Hintergrund für die Krise war der Austritt Großbritanniens aus der Europäischen Union, was Nordirland eine Sonderstellung einbrachte. Die DUP lehnte neue Handelsregeln nach dem Brexit ab. Sie hatte argumentiert, dass Londons Brexit-Abkommen mit der Europäischen Union den Platz Nordirlands im Vereinigten Königreich untergräbt, weil es Kontrollen für einige Waren aus Großbritannien verlangt.
Donaldson gab nun bekannt, dass seine Partei die mit London vereinbarten Vorschläge für die Anwendung der Handelsregeln nach dem Brexit doch unterstützt. Das Angebot Londons, Nordirlands Position im Vereinigten Königreich rechtlich zu festigen, und ein Finanzpaket in Höhe von 3,3 Milliarden Pfund (knapp 3,9 Milliarden Euro) schienen die DUP zu überzeugen.
Donaldson sagte gegenüber BBC Radio Ulster: “Ich glaube, dass die Vorschläge Maßnahmen vorsehen, die gut für Nordirland sind und die unseren Platz im Vereinigten Königreich und seinem Binnenmarkt wiederherstellen werden”. Die regionale Einheitsregierung könne innerhalb weniger Tage wiederhergestellt werden, “wenn die (britische) Regierung so schnell handelt, wie ich glaube, dass sie es kann”.
Die Vereinbarung besteht nach Donaldsons Worten aus zwei Teilen. Zum einen wird Nordirland eine feste Verankerung innerhalb des Vereinigten Königreichs zugesagt.
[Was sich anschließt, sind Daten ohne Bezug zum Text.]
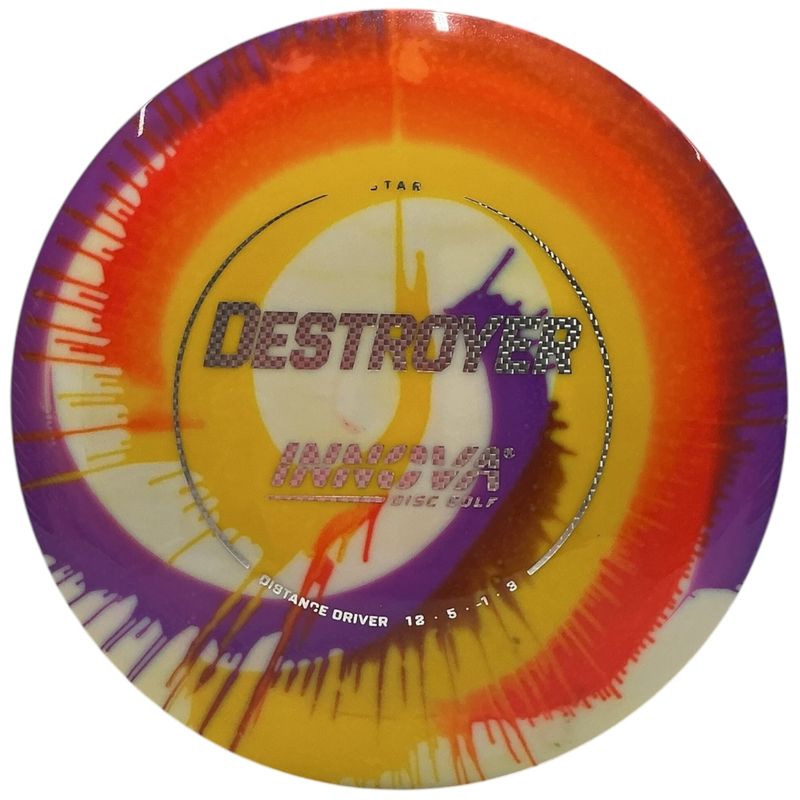 I-Dye Star Destroyer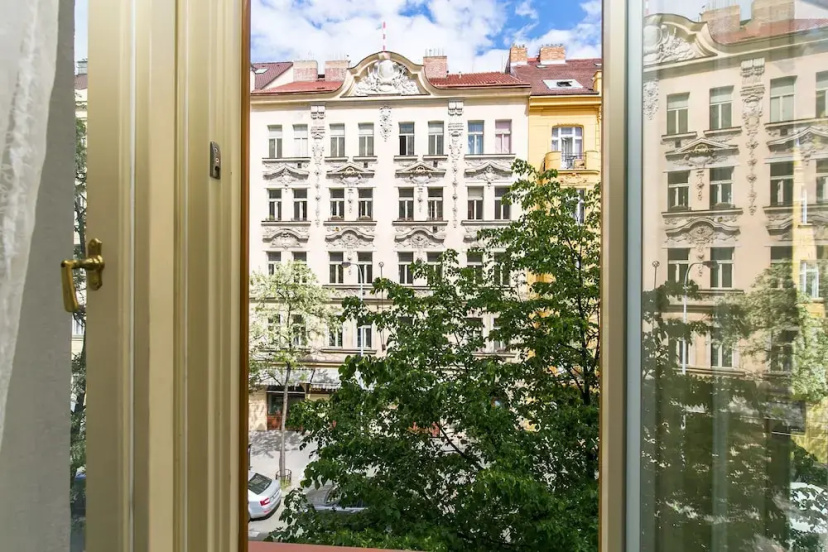 Flawless Apartments Vinohrady — забронировать отель в Праге
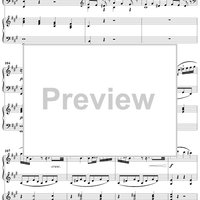Piano Concerto No. 12 in A Major, K385p (K414), Movement 1
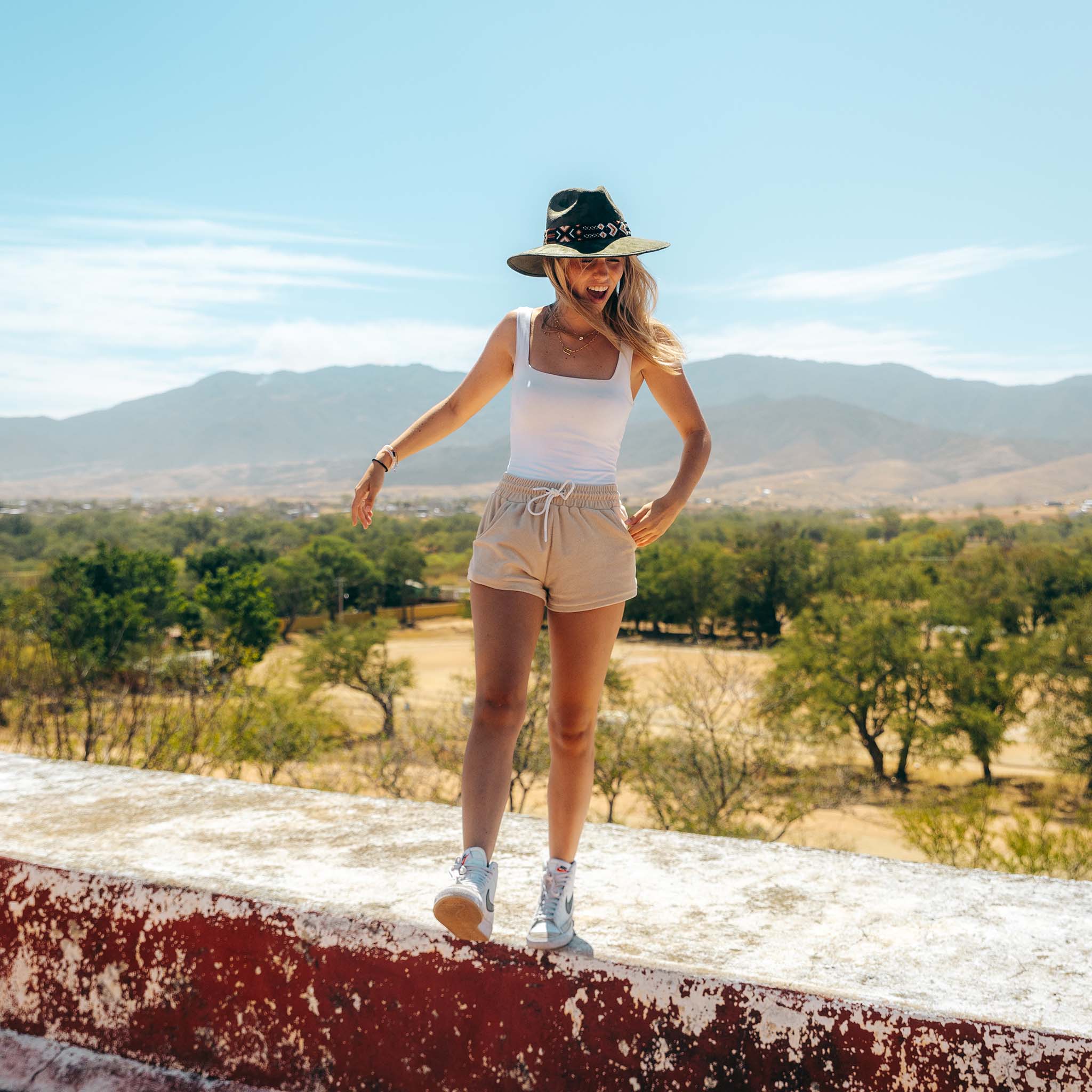 Dry Towel Shorts | Women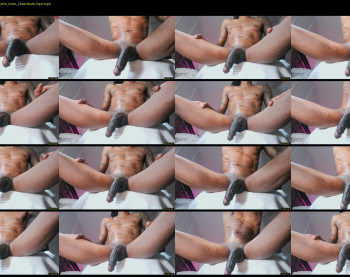 123hellyeah — 18 minute Chaturbate male cam show recording, 720p, Jun 6, 2025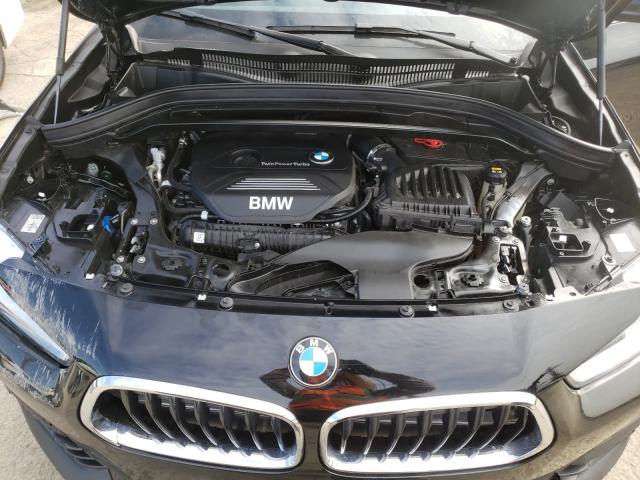 2019 BMW X2 SDRIVE2 WBXYJ3C53KEP77497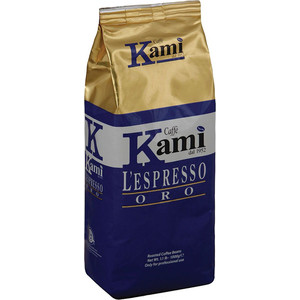 Кофе в зернах Kami Oro, 1000гр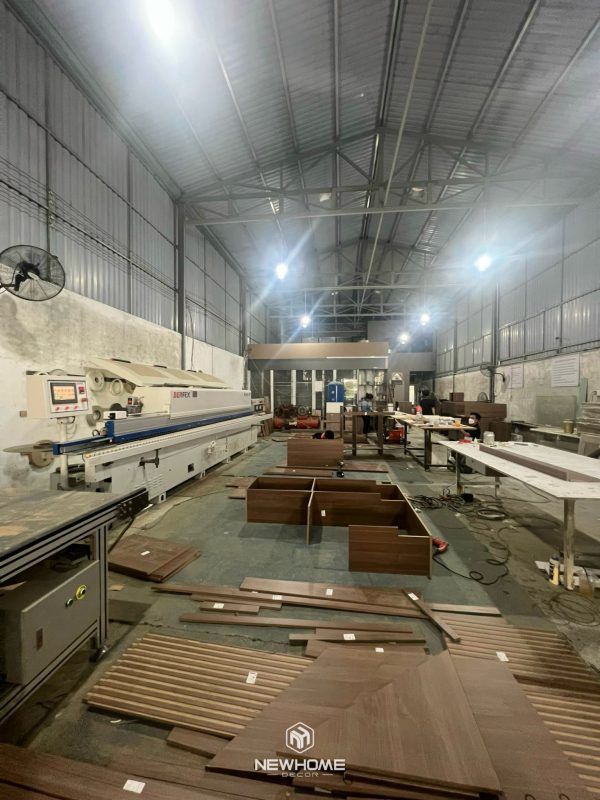 Công Ty TNHH Thiết Kế Và Thi Công Nội Thất New Home Decor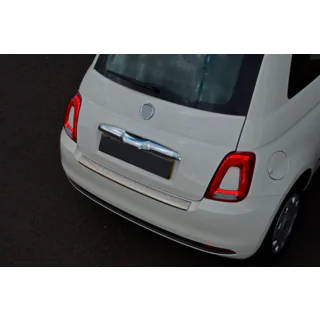 Protectie bara spate 3D/Cabrio (OmsaLine, inox) foto 4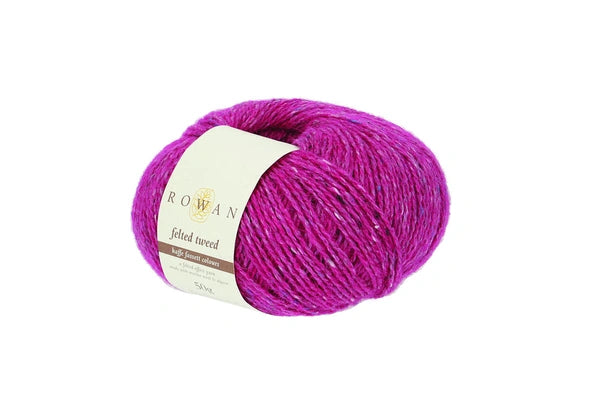 Rowan Felted Tweed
Zum anderen soll das britische Binnenmarktgesetz geändert werden, um “die Fähigkeit der Region, mit dem Rest des Vereinigten Königreichs Handel zu treiben, zu schützen”.
London hat seine Vorschläge unter Verschluss gehalten, um zu verhindern, dass sie von Gegnern des Post-Brexit-Handelsabkommens mit der EU unterlaufen werden. Donaldson zufolge könnte die britische Regierung bereits am Mittwoch ein Gesetz zur Untermauerung der Vereinbarung veröffentlichen.
Die britische Regierung sprach von einem “bedeutenden Schritt”. Auch die Vorsitzende der nordirischen Sinn-Fein-Partei, Mary Lou McDonald, äußerte sich zuversichtlich, dass Parlament und Regierung in Nordirland nun bald wieder arbeitsfähig seien.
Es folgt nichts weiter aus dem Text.